In this study, we tested the effects of light treatment with both groups provided with the same amount of food, whereas spiders that build their webs near lights are likely to receive considerable foraging benefits (Adams, 2000; Craig, 1987). If greater food intake increases reproductive output (Kreiter & Wise, 2001; Reed, Nicholas & Stratton, 2007), the foraging benefits associated with artificial lights have the potential to at least partially compensate for the reproductive costs of this trade-off (Lowe, Wilder & Hochuli, 2014). This benefit may be tempered by observations of LED lights failing to attract moths—25 webs over three nights failed to catch moths, despite the observed presence of moths in the habitat (NJW, under review)—and decreasing moth capture rates in other orb-web spiders (Yuen & Bonebrake, 2017). Hence, the potential for foraging benefits to mask developmental costs depends on how ALAN affects the types of prey available to insectivores foraging around lights. We found no effect of light treatment on the mass of individual spiderlings. This has important potential fitness implications, as offspring size is related to offspring performance, including starvation tolerance and the ability to capture prey (Walker, Rypstra & Marshall, 2003). However, intergenerational effects may not be evident without further measurements of performance and development in subsequent generations.

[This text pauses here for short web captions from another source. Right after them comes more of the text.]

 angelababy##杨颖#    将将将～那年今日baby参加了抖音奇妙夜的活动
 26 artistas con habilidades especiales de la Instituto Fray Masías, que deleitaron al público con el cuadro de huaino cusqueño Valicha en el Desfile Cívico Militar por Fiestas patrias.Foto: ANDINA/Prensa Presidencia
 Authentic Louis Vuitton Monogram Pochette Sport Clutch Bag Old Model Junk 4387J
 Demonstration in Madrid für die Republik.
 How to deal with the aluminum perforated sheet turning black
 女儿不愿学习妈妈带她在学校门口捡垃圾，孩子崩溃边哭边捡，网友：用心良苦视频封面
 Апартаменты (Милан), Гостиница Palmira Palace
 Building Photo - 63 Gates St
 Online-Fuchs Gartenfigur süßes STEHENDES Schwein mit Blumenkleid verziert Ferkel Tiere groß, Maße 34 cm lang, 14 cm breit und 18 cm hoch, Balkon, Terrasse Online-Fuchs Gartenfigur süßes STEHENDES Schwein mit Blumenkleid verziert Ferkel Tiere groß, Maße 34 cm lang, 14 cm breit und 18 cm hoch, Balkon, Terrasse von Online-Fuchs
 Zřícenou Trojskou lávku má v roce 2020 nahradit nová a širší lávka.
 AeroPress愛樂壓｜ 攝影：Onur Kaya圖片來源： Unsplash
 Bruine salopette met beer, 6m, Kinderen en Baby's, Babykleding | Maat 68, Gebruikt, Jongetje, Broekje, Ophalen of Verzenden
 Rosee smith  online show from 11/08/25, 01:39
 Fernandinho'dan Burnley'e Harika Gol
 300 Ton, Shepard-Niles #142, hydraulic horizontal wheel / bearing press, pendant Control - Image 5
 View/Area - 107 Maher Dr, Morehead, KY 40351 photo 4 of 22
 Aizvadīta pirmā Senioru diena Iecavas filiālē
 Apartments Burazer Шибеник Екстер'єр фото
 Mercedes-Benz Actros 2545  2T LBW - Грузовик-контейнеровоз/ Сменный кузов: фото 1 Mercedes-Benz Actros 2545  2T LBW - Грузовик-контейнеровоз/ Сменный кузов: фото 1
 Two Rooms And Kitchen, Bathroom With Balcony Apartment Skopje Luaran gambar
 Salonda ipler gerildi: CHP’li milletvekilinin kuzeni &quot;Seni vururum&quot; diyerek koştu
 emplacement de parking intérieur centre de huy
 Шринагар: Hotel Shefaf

The combined direct and indirect effects of ALAN on urban insect populations depends on how shifts in life history patterns in these spiders affect predator–prey interactions for these affected spiders. Increased mortality and smaller body size may reduce the predation impact spiders exert on insect populations, counteracting increases in predation due to mutual attraction of both predator and prey towards artificial lights. ALAN is associated with high levels of urbanisation (Elvidge et al., 2001; Hansen et al., 2001; Longcore & Rich, 2004; Ma et al., 2012) and spiders living in urban habitats will experience not only the impacts of ALAN, but other environmental perturbations due to urbanisation. Understanding the impacts of urbanisation more generally for spider populations, and the likely consequences for insect communities, will require a more integrated consideration of these factors. Future research into the effects of ALAN on urban insectivores more generally should consider the impacts on both foraging success and development in individuals, and how these impacts translate into population-level effects.
Fig. S1. Spectral composition of LED lights used in rearing experiment.
Spectral composition of the cool white LED lights (12V DC cool white LED strip lighting supplied by World of Thought, Victoria, Australia) used during rearing experiment. The blue peak wavelength is 445 nm.